One would assume that Mike was probably referring to those types of hires in his “diversity” talk. It would also appear that Mike thinks he’s coming off as very cool and not at all cliché and superficial and dumb, or incompetent, or dangerous.

“I really appreciate you highlighting that diversity is one of our mission priorities here within the agency,” Dee gushes. “I like to quote Director Burns: he’s often heard saying, about himself, ‘we can’t always be effective, and we’re not going to be true to our nation’s ideals, if everyone looks like me, talks like me and thinks like me,’ and so I think you did an excellent job right there kind of highlighting why we continue to review our processes and are committed to bringing in that well-balanced workforce.”

The episode closes with the hosts encouraging the listener to apply for a job at the CIA. Being a listener myself, I wondered if a female, cisgender, child of an American immigrant to Canada, who then immigrated back to America, but has grandparents who immigrated from further away, Eastern Europe actually, and is an editor at a conservative news outlet called Breitbart, a minority living in the liberal enclave of Williamsburg, would be considered as part of the agency’s mission for “diversity.” Probably.
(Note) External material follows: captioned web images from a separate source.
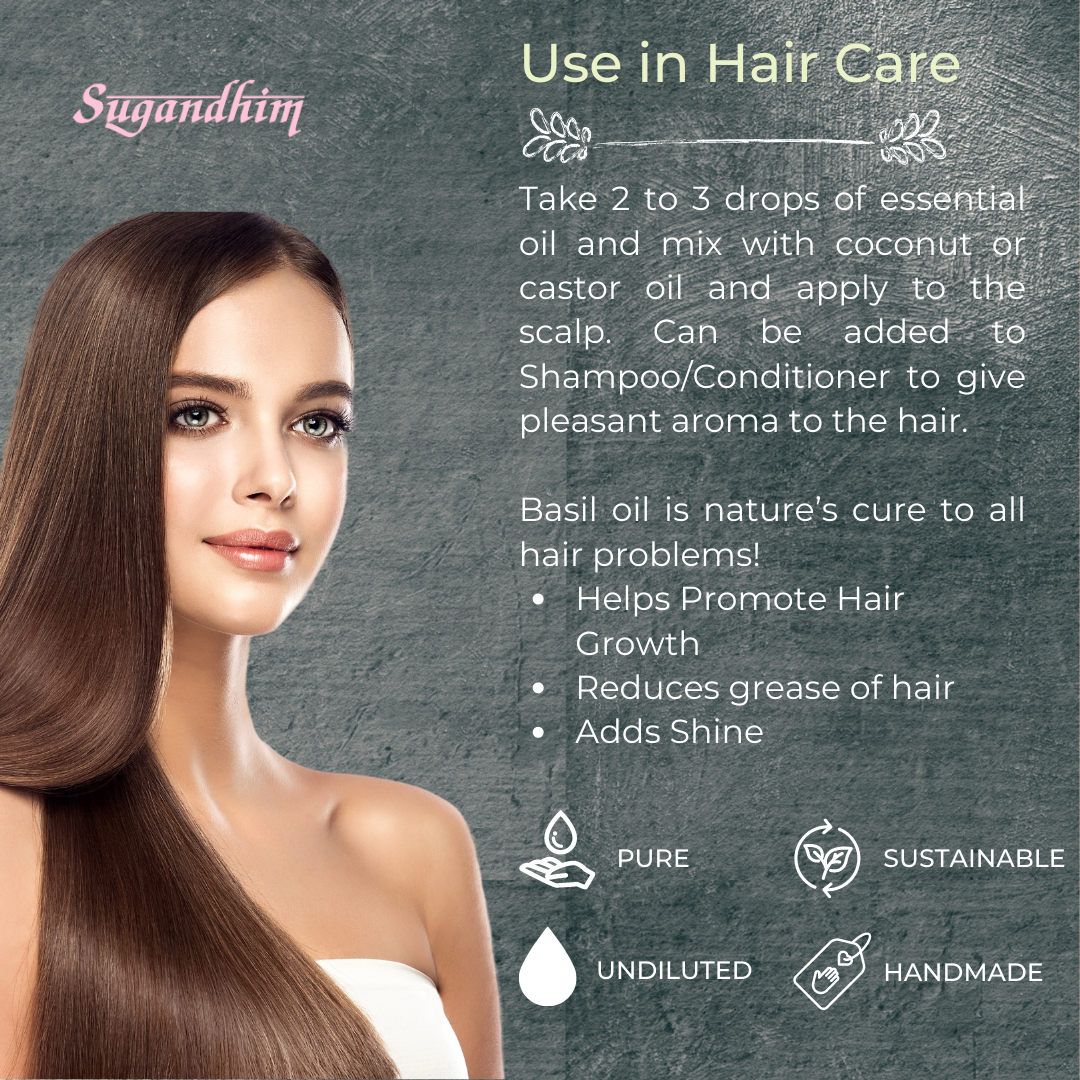 Use In Hair Care - Essential Oil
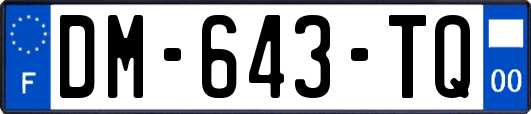 DM-643-TQ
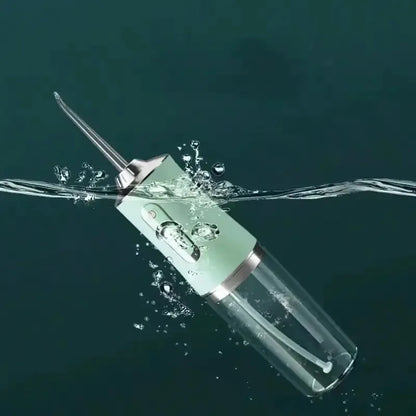 Electric Water Floss, Intelligent Chip, Precise Pressure Control, 360 Degree Rotating Nozzle, Tooth Cleaning Device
But in listening, it is striking how clueless and unserious the CIA comes off, and one is left wondering if this is just some sort of bizarre publicity/propaganda operation, or if employees at the agency who are meant to gather intelligence to protect our troops and our homeland actually think and speak this way.
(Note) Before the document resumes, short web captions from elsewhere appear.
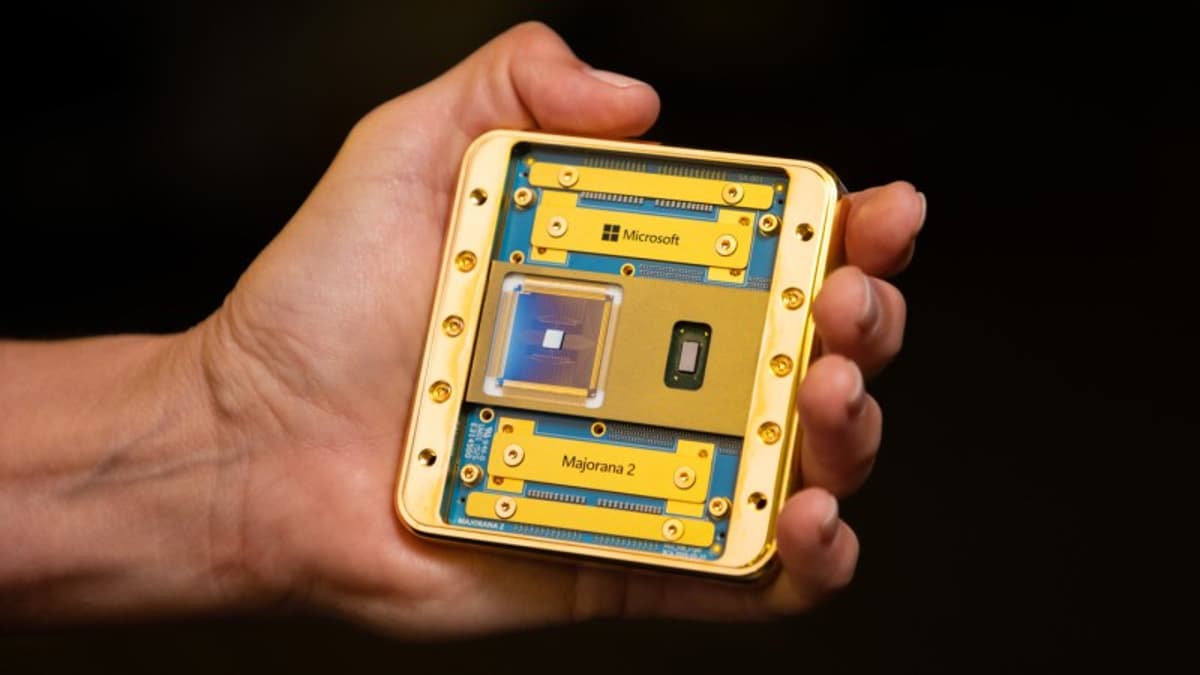 Microsoft’s Quantum Chip Got an Upgrade. Critics Are Still Skeptical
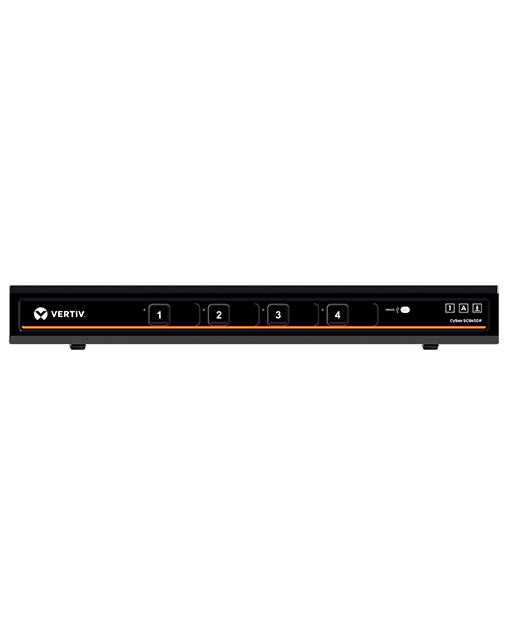 4Port Single-Head Secure KVM DP in/DP 4Port Single-Head Secure KVM DP in/DP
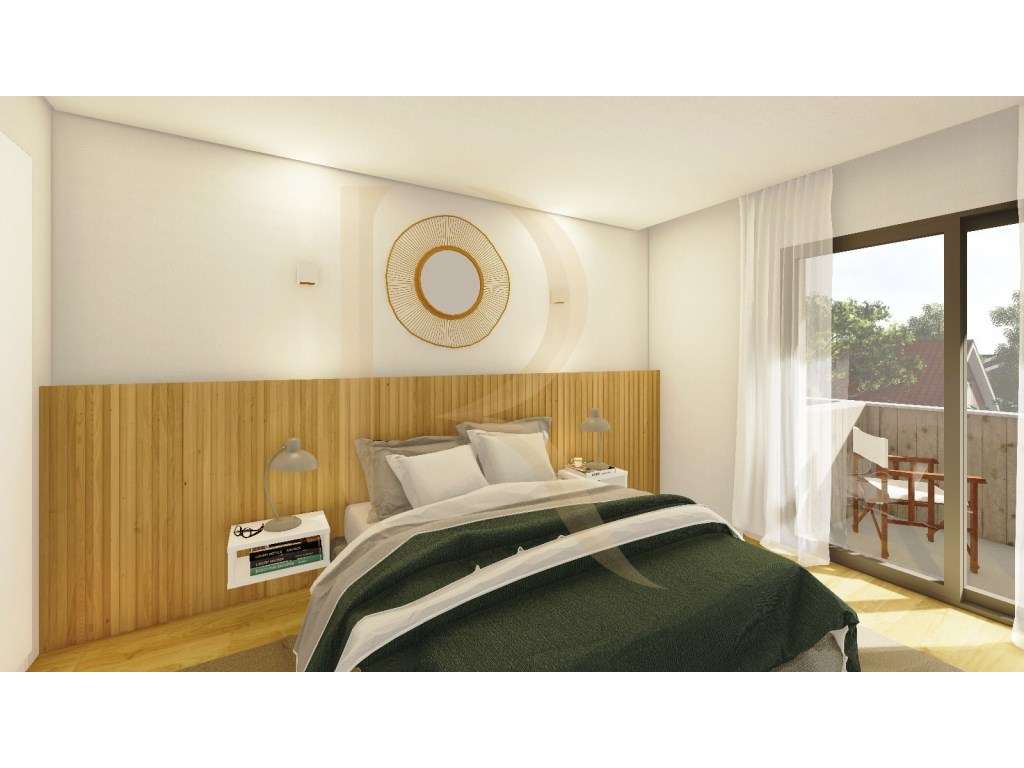 Apartamento T2 novo com varandas e arrecadação na Quinta do Conde - Grande imagem: 5/24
The seal of the Central Intelligence Agency is displayed in the foyer of the original headquarters building in Langley, VA, on Sept. 18, 2009. (Andrew Harrer/Bloomberg via Getty Images)

What did we learn from this exercise in spook PR?
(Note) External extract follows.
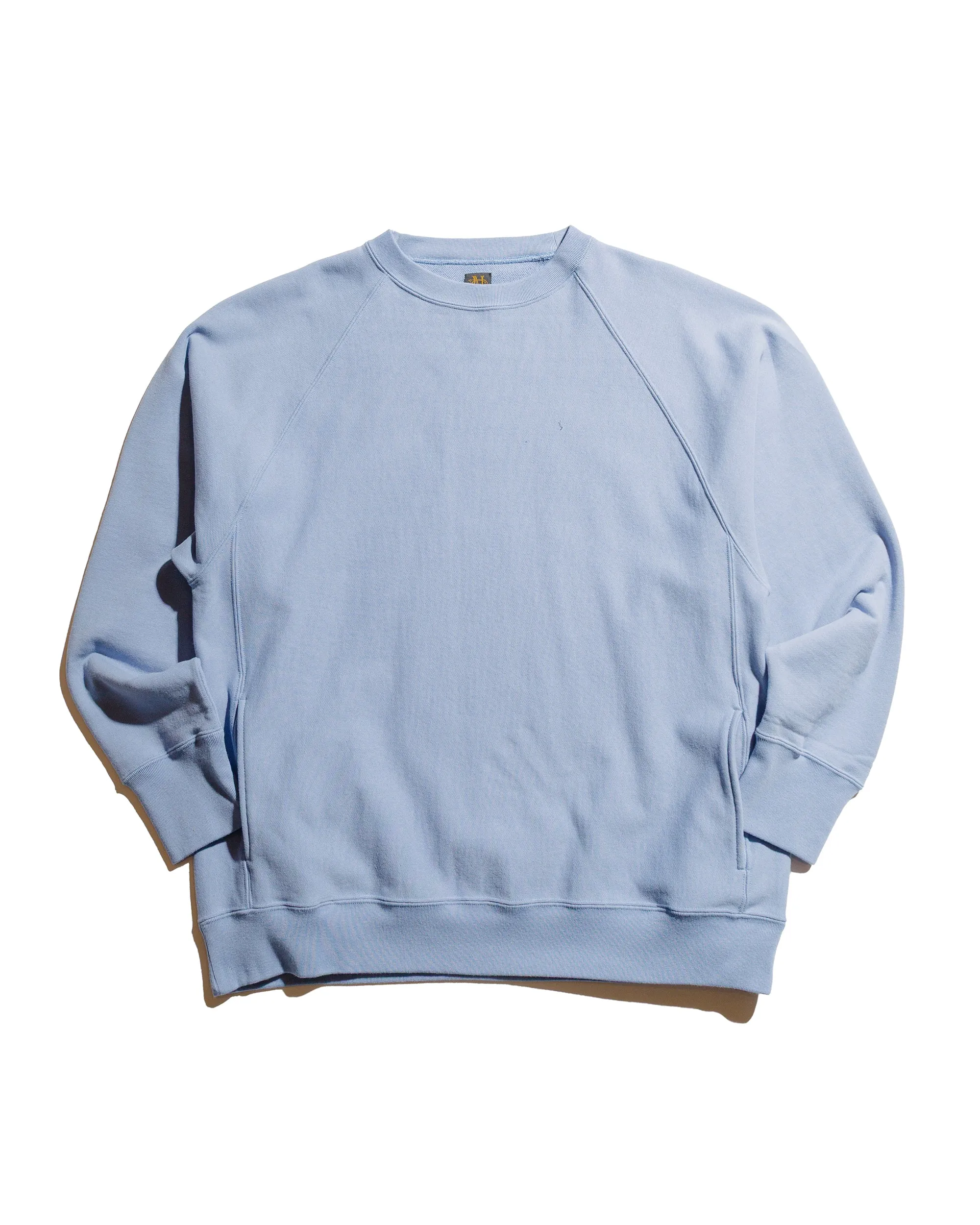 Fashion Trend hypoallergenic Batoner Jumberca Urake Crew Neck Sax Blue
We heard Burns casually avoiding acknowledging the carnage and national disgrace of the Afghanistan withdrawal on his and others in the intel community’s watch, which virtually erased 20 years of American sacrifice of blood and treasure in one week — all while calling his agency “apolitical,” in what could only be interpreted as mocking the audience’s intelligence, following years of the CIA’s highly publicized, blatantly political operations from the most senior and most visible members of the organization. Maybe a later episode of The Langley Files will get into some of that — but not betting on it. Then we heard Mike bragging about how recruitment is focused on immutable, meaningless attributes, not using the words “merit” or “achievement” or “intellect” a single time.

The Langley Files describes itself as “offering a glimpse into the world of the Central Intelligence Agency,” and it does accomplish that. Dee and Walter take the listener into their world, where they reveal the agency’s total lack of self-awareness, lack of substance, ineptitude, misguided priorities, and moral rot. Dee and Walter do take “a step out from behind those shadows,” providing the listener with some understanding of how the intelligence community has become an object of scandal and embarrassment for the nation in recent years — the most salient “truths we can share and stories we can tell.”